Vor allem wegen der Tariferhöhungen für die Mitarbeiter (356 Vollzeitstellen), die von der Stadt zusätzlich zum Zuschuss übernommen werden – in der Regel alle zwei Jahre. Wie stark dieser Hebel wirkt, zeigt der Tarifabschluss von 2014 (plus 5,5 Prozent): In der Spielzeit 2013/2014 löste er nach Stadtangaben Mehrkosten von 237.793,48 Euro aus, in der Spielzeit 2014/15 waren es dann schon 805.684,79 Euro. Auch die Produktionskosten bergen Risiken: Bis zum Sommer rechnet das Theater hier mit einer Budgetüberschreitung von rund 300 000 Euro – unter anderem wegen der Verpflichtung von externen Künstlern und Tantiemen für das laufende Musical.

Wie entwickelt sich die Gesamt-Auslastung?
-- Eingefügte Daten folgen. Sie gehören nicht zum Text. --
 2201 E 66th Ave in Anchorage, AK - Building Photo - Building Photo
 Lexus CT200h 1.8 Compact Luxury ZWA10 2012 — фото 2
Seit Helmichs erster Spielzeit leicht rückläufig. Wenn man die voll bezahlten Karten zugrunde legt: von 68,8 Prozent in der Spielzeit 2013/2014 auf 60,6 Prozent in der Folgespielzeit. Zum Januar 2016 stieg sie wieder auf 63,4 Prozent, inzwischen liegt sie laut Theater bei 66,9 Prozent – es geht also aufwärts. Weil Helmich die Zahl der Veranstaltungen erhöhte, kamen im Vergleich zur Vorgänger-Intendanz mehr Zuschauer: ein Plus von rund 22 500 bis April 2016, so das Theater – verbunden mit Mehreinnahmen von 492 616 Euro.

Was kostet die Sanierung von Opernhaus und Kammerspielen?

Das wird noch ermittelt, heißt es bei der Stadt. Das Theater selbst kalkuliert für die Oper 37 Millionen Euro für bloße Mängelbeseitigung, eine Modernisierung dagegen mit 75 Millionen Euro. Für die Kammerspiele rechnet es mit 5,8 bis zwölf Millionen Euro.